Implicitly for me 50 Portraits makes the statement that images matter, they are meaningful and can be held with reverence. This is not a book of snapshots.

This is also not a book merely about craft. It's about more than that. Craft is acknowledged as deeply important, but vision even more so. Don't buy this book if you want someone to tell you what aperture you 'should' be using or what lens is a 'portrait lens'. Buy this book because you want to ask questions, questions that will stay with you for years, questions you can really chew on, questions that will help you grow as a craftsperson, and as an artist. 

So, what questions come up for me reading (and re-reading) 50 Portraits?


Composition. Heisler has remarked that we're in a sort of composition-neutral culture in photography, the 'Whatever' School of photography. Composition is seen as kind of, you know, old fashioned, and, you know, like, trying to hard, not 'real,' and expressive. For Heisler composition is the bones of an image, what gives it structure and stand on it's own two feet. 

50 Portraits shows us that composition is not just about where we put the four edges of the frame, but asks us to think about;

How we depict space within our frame - is it flattened, elongated, still, frenetic, askew, level, calming, or jarring? Is our subject right in our face, or a small part of a bigger picture?

How we use focus - does focus guide our eye around the image, or does it stop our eye in one place? Is everything sharp, or out of focus, is only one thing in focus, or does the focal plane cut through the frame? 

How we use graphic elements - is the design of the image fast with lines speeding into the background, or is the image slow like a Montana horizon? Is the image layered to create a complex narrative, or is everything given to us up front, and full frontal?

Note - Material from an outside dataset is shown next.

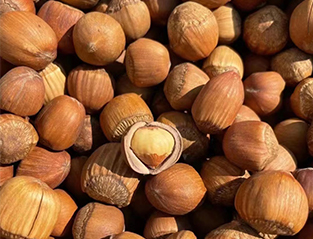 Hazelnuts Color Sorter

Lighting. We can't look at Heisler's work without thinking about lighting. Heisler's lighting is incredibly beautiful and evocative, and never by rote. For Greg if composition is the bones, lighting is the flesh.

Qualities of light include - it's harshness or it's softness, it's specularity or it's smoothness, it's contrast or it's subtle transitions, it's colour or it's neutrality. 

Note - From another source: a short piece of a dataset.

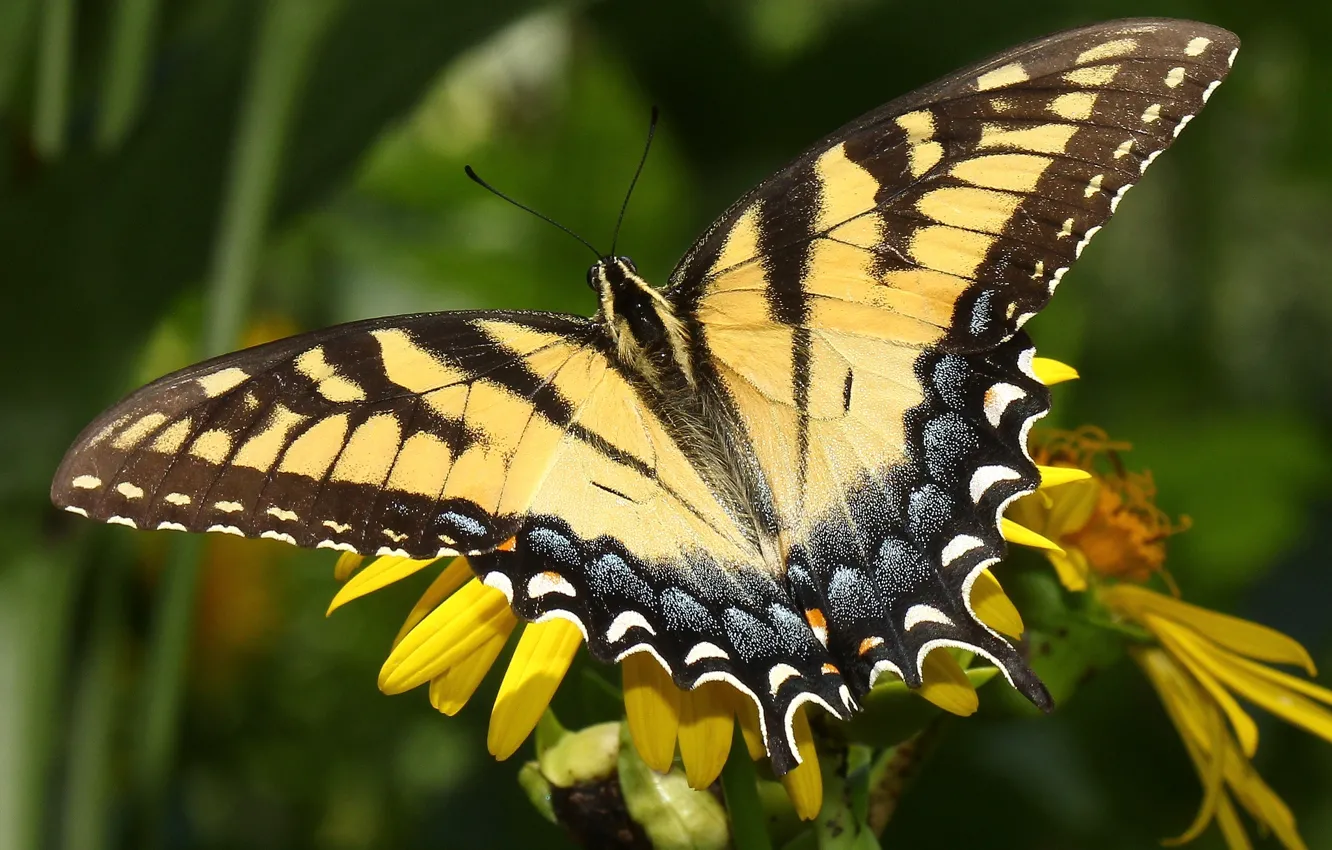 Photo wallpaper macro, flowers, butterfly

The kind of light used also creates an atmosphere during a portrait session.

If we use modifiers are they large, theatrical, showy and 'professional' looking? If so they might impress some subjects and make them feel every bit the star, bringing out the best in them. Other subjects may feel intimidated and pressured to perform.  

Are the lights used flashing, and noisy, do they startle the subject, or does the subject anticipate the flash? Are the lights quiet, continuous, and soft, creating a contemplative atmosphere conducive to the portrait you want to make? 

Location. Greg credits Arnold Newman, a mentor of his and pioneer of environmental portraiture, for his fantastic use of location. Location, or seeming lack thereof, goes a long way to making a portrait. All the previous considerations about composition and lighting are applied on location.

Where is our subject and what story does this tell us about them? Are they powerful, glamorous, brave, or free-spirited? Is the location we choose a place where we'd usually think of our subject being? Does this help us see them in a new light? 

How does the location make us and our subject feel? 

Is our subject at ease and in a familiar environment? Might their guard come down? Is our location new for our subject, might we see a different side of them that's usually seen? 

All these questions and more are provoked and explored in 50 Portraits, which has my copy being very well read. I truly think this is a landmark book on photographic portraiture, and resonated with my own feeling that bearing witness to people is deeply important. I'll end with a quote from Greg in the Introduction;

"Portraiture is a peculiar pursuit. Documentary photographer Gary Winogrand once remarked that he photographed to see what something looks like photographed. Let's take that one step further: I photograph people to see what they look like, photographed. So that they can be held, studied. And truly appreciated."